Through the massive, gaping hole in the wall of a house at the corner of Fontainebleau Drive and South Salcedo in the Broadmoor area, you can see appliances, dangling wires and an abundance of rotten wood.

According to neighbors, the building has been steadily decaying for several years.

This week, things suddenly got much worse.

During heavy rains a few days ago, part of an exterior wall collapsed. Now, neighbors fear more of the building could cave in.

"Water has been pouring into this house for years and years and years, and this is what you see when the water has been pouring in for years and years and years -- a dangerous situation," said next-door neighbor Margaret Thomas. "We have kids that stay in this block. Matter of fact, we have a family that stays right there. The kids play and we are afraid that it will fall and hurt someone."

Thomas said the building has been crumbling since Hurricane Katrina when the owners abandoned it.

According to the Orleans Parish Tax Assessor's website, the property is owned by Harold and Verylyn Foley. The Foleys are also listed as the executives of a real estate development firm in the Atlanta area.

FOX 8 tried to contact them by phone and email. However, we have not been able to reach them.

According to the city, code enforcement officers deemed the property blighted and in violation of city code last month.

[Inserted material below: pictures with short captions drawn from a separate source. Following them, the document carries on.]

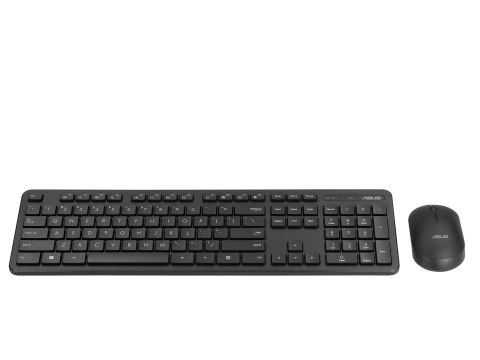 Zestaw klawiatura + mysz Asus CW100 Wireless Keyboard and Mouse Set Black ASUS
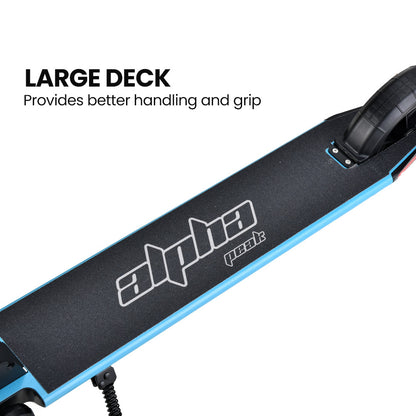 300W Electric Scooter with 0.17m Wheels, 10Ah Battery, Suspension, Blue
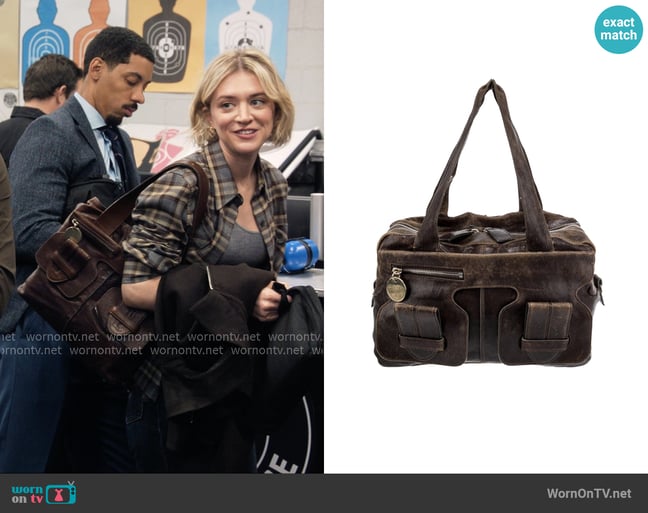 Chloe Saskia Leather Shoulder Bag worn by Mare Pritti (Chelsea Frei) on The Paper Chloe Saskia Leather Shoulder Bag worn by Mare Pritti (Chelsea Frei) on The Paper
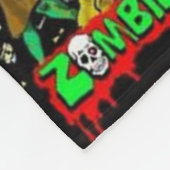 ゾンビ漫画のパターン フリースブランケット (角)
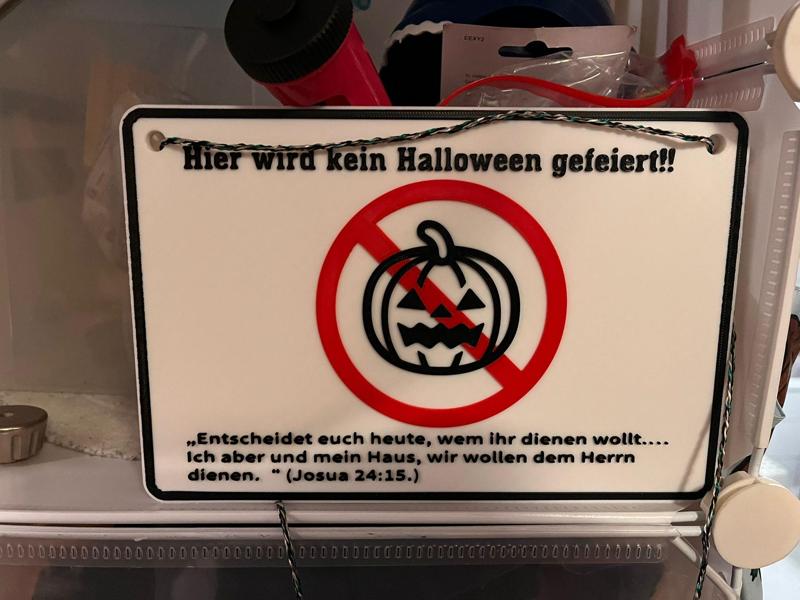 Kein Halloween Schild
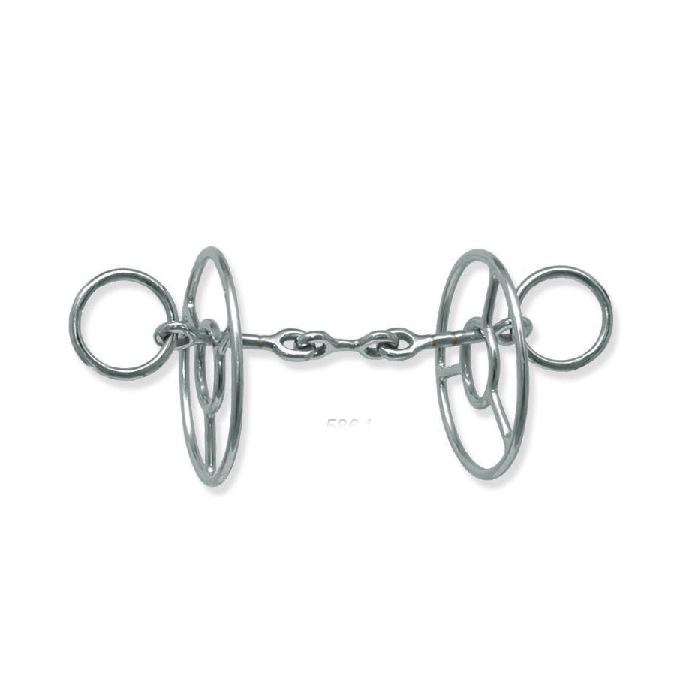 D Ring Snaffle With Copper Inlays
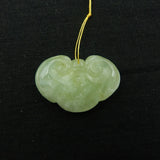 Natural Stone Nephrite Jade Pendant 42x28x8mm 16.8g for Jewelry Making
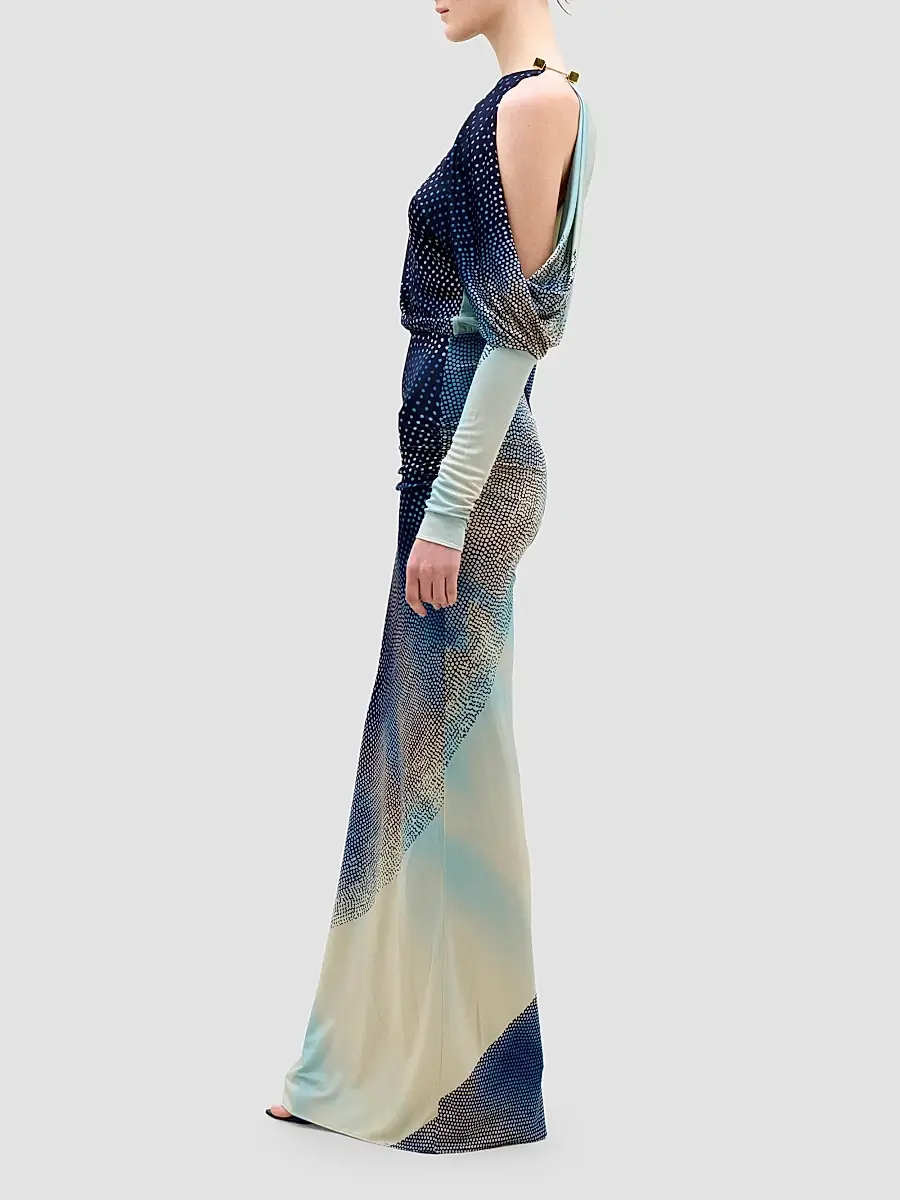 Silvia Tcherassi Women's Zaid Printed Jersey Maxi Dress | Thumbnail 3 Silvia Tcherassi Women's Zaid Printed Jersey Maxi Dress | Thumbnail 3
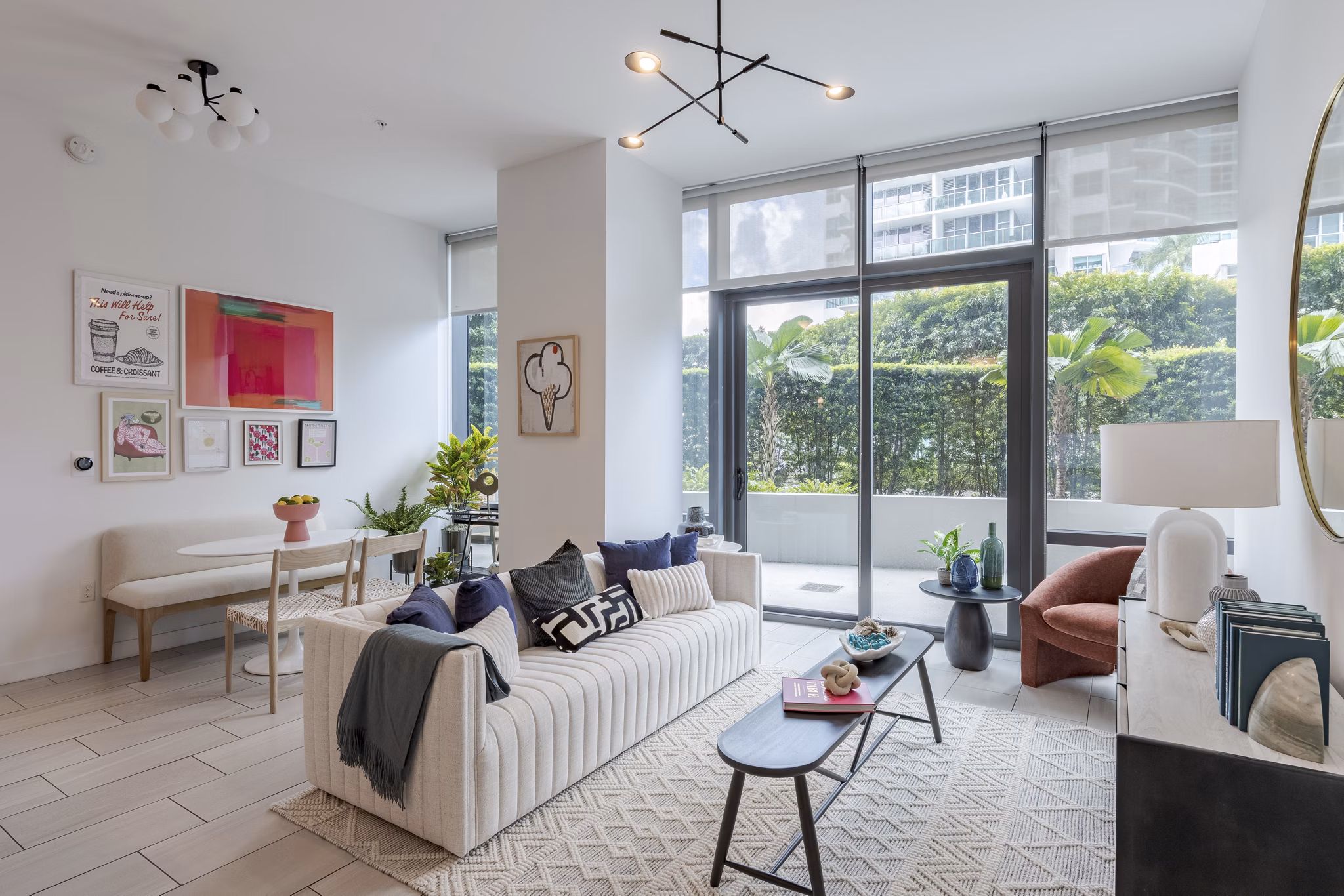Living Room at Midtown 5 Apartments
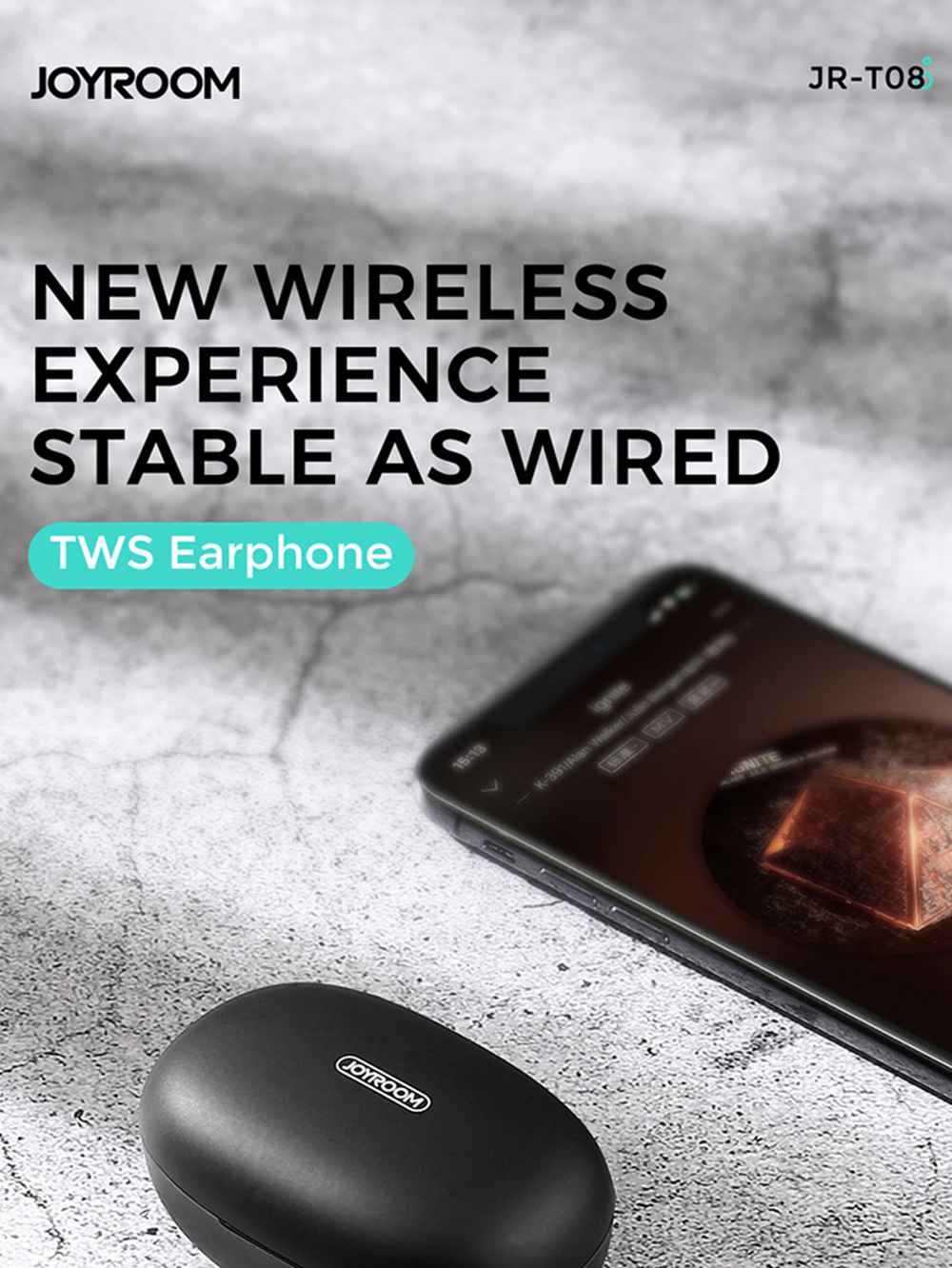 JOYROOM JR-T08 Bluetooth 5.0 TWS Earphones Unilateral Use 500mAh Charging Case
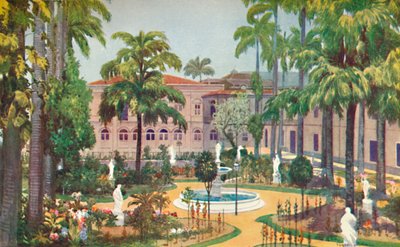 Garten des Itamaraty-Palastes - Außenministerium, 1914 von Edgar L. Pattison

The owners get 30 days to respond or appeal, and that time period expires this week.

A city spokesman said plans to demolish the building will move forward, although the process could take a few weeks.

For neighbors, it can't happen soon enough.

"They should tear it down and build a new house," said Santos Arce. "The house could fall into the middle of the street."

Thomas hopes it doesn't all come crashing down before the demolition.

"Did you notice the yellow tape that somebody has come and put around it? It is a danger. Even as we stand here today, it may just fall now," she said.

The city said an inspector checked the property Wednesday evening, but didn't find it to be in imminent danger of collapsing, which would call for an emergency demolition.